▶ **WHAT TO PRODUCE**:
Your task is to retype, exactly and without pictures, the line holding "6 Lata Tinta" and each line that follows it to the end of the entries.
SOURCE MATERIAL Block Start
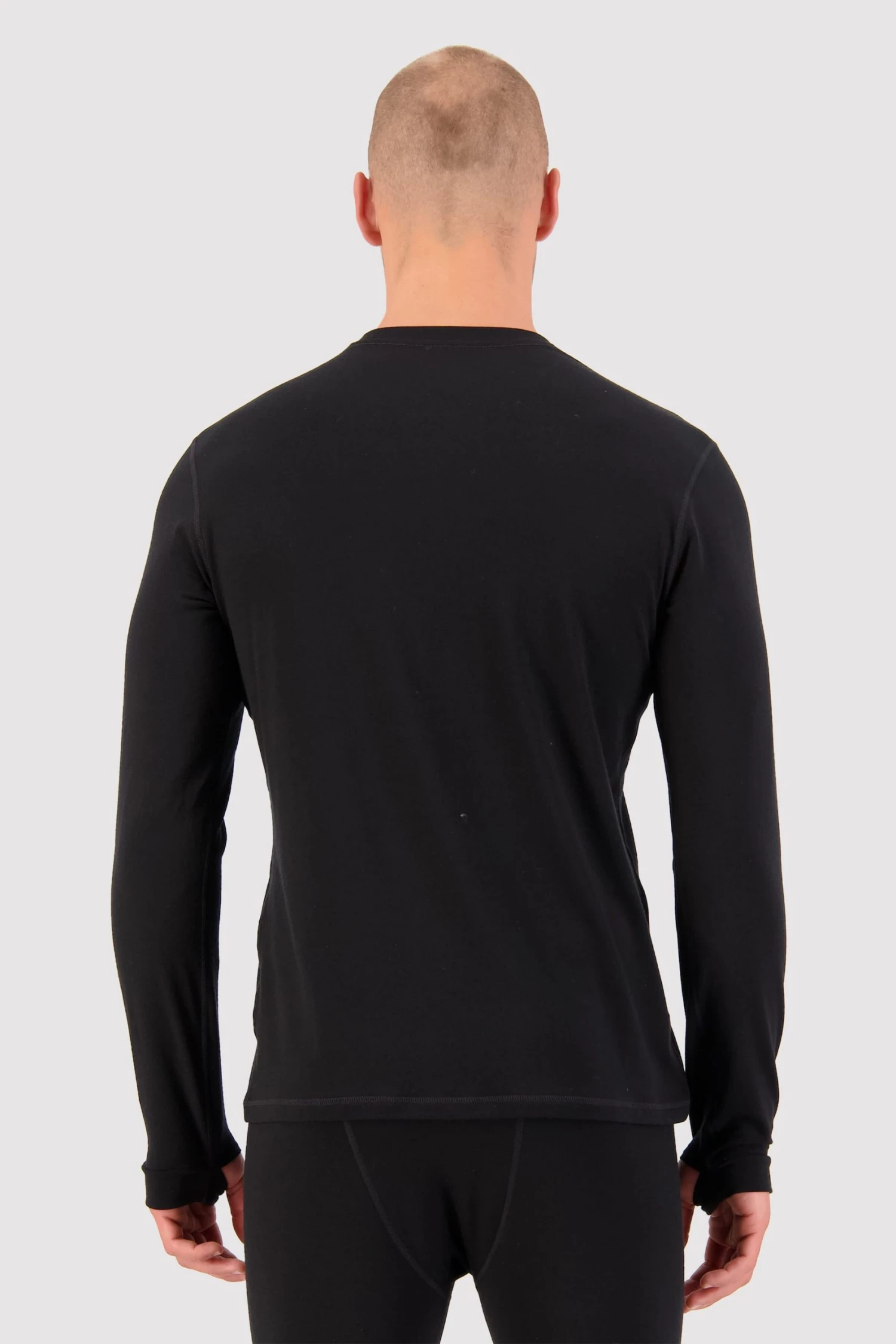 Mons Royale Cascade Merino Flex LS - Black MEN 2 Mons Royale Cascade Merino Flex LS - Black MEN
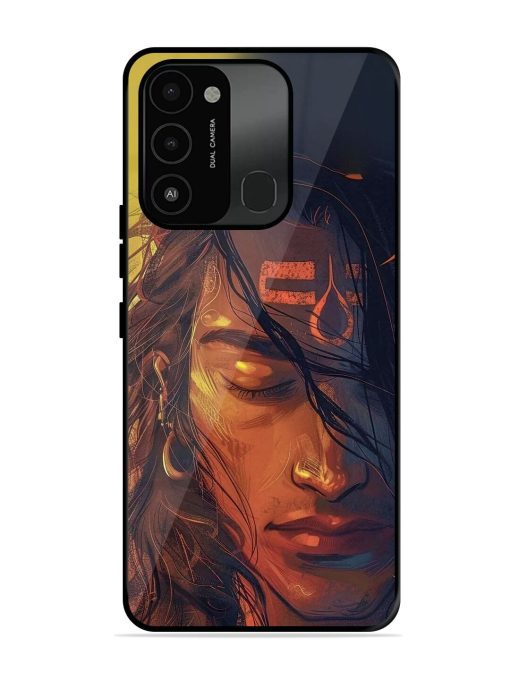 Tranquil Shiva Glossy Soft Edge Case for Tecno Spark 8C Chachhi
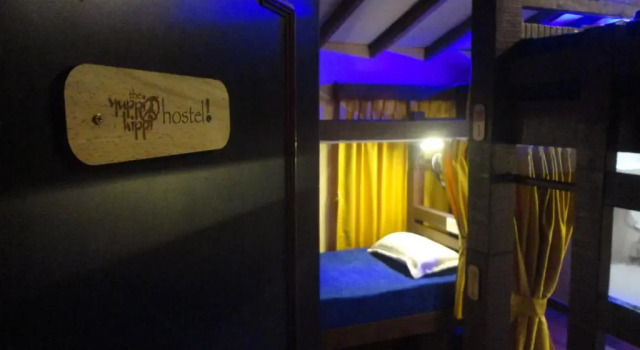 Кровать в общем номере (женский номер) The Yuppi Hippi Female Hostel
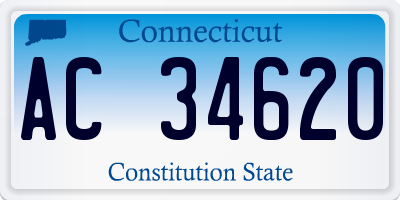 CT license plate AC34620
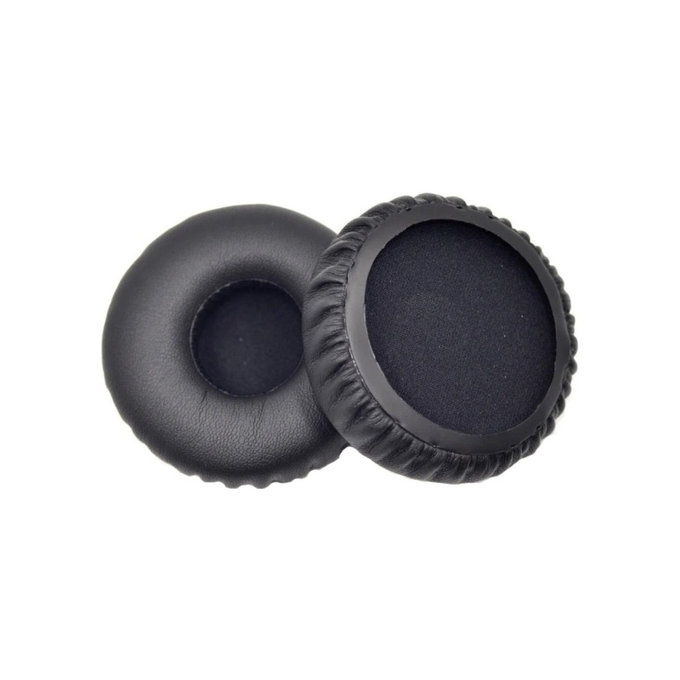 Cuscinetti auricolari di ricambio per Jabra Revo, Memory foam and PU leather, Black, 1 paio
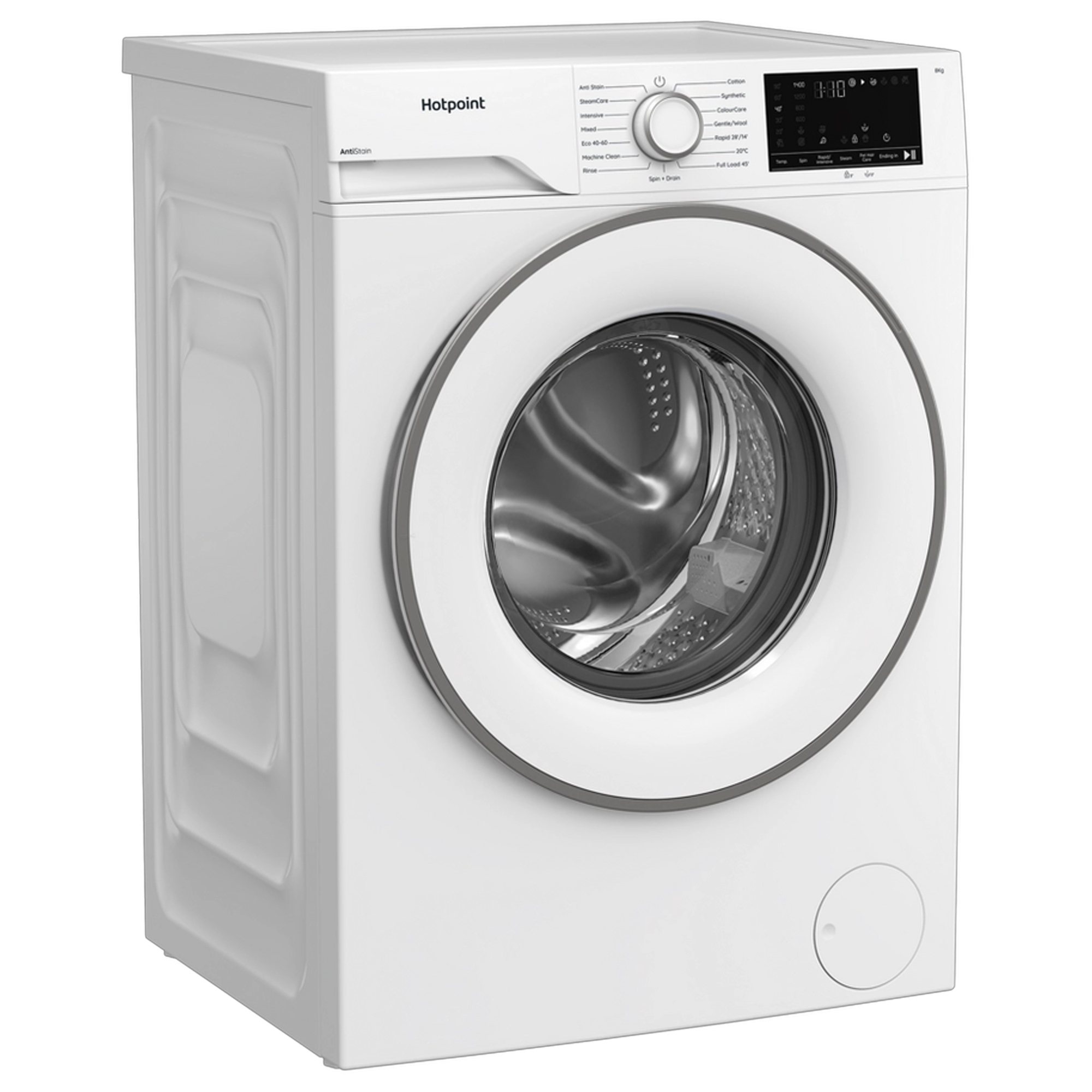 Hotpoint 8kg Freestanding Washing Machine 1400rpm HEV841WUK - White Hotpoint 8kg Freestanding Washing Machine 1400rpm HEV841WUK - White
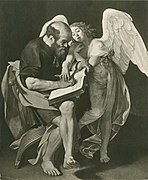 以下の一部分: Saint Matthew and the Angel 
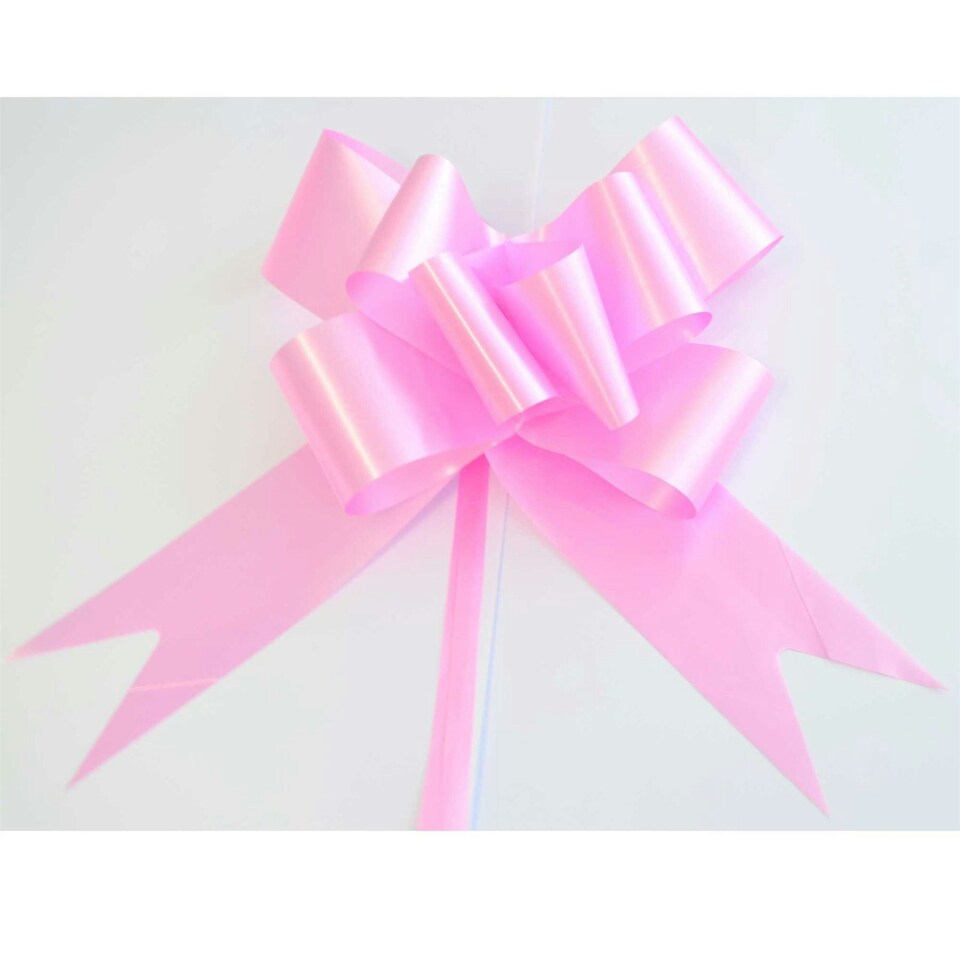 image 1 of 10Pcs 50mm Light Pink Pull Bows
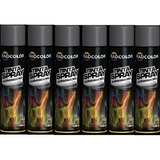 6 Lata Tinta Aluminizada Grafite Metalico 400ml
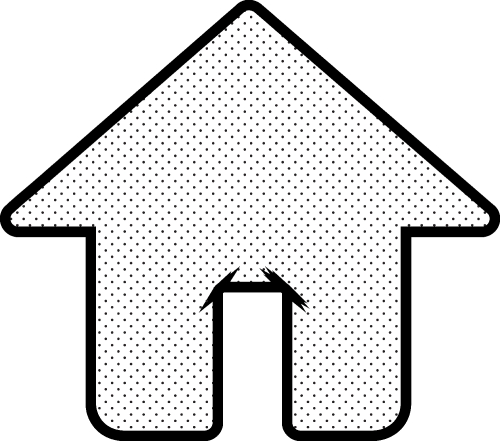 House symbol and home icon sign design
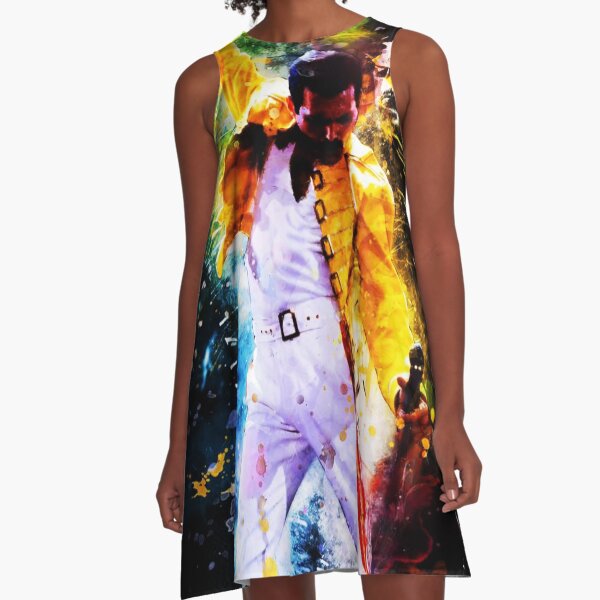 Bohemian Rhapsody Freddie Mercury Classic A-Line Dress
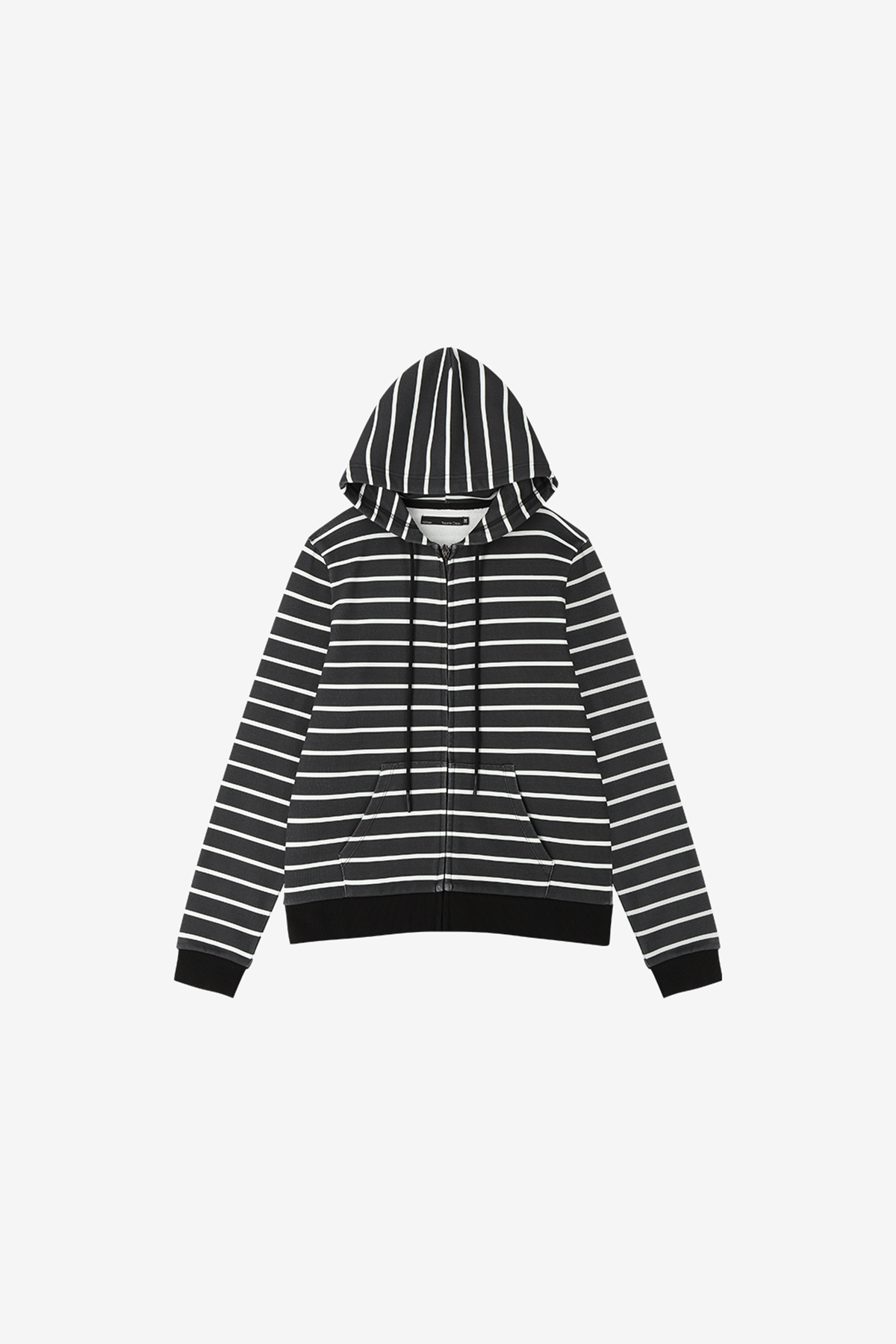 Stripe Slim Zip Hoodie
SOURCE MATERIAL Block End
▶ **RESULT OF THE TASK**:
 6 Lata Tinta Aluminizada Grafite Metalico 400ml
 House symbol and home icon sign design
 Bohemian Rhapsody Freddie Mercury Classic A-Line Dress
 Stripe Slim Zip Hoodie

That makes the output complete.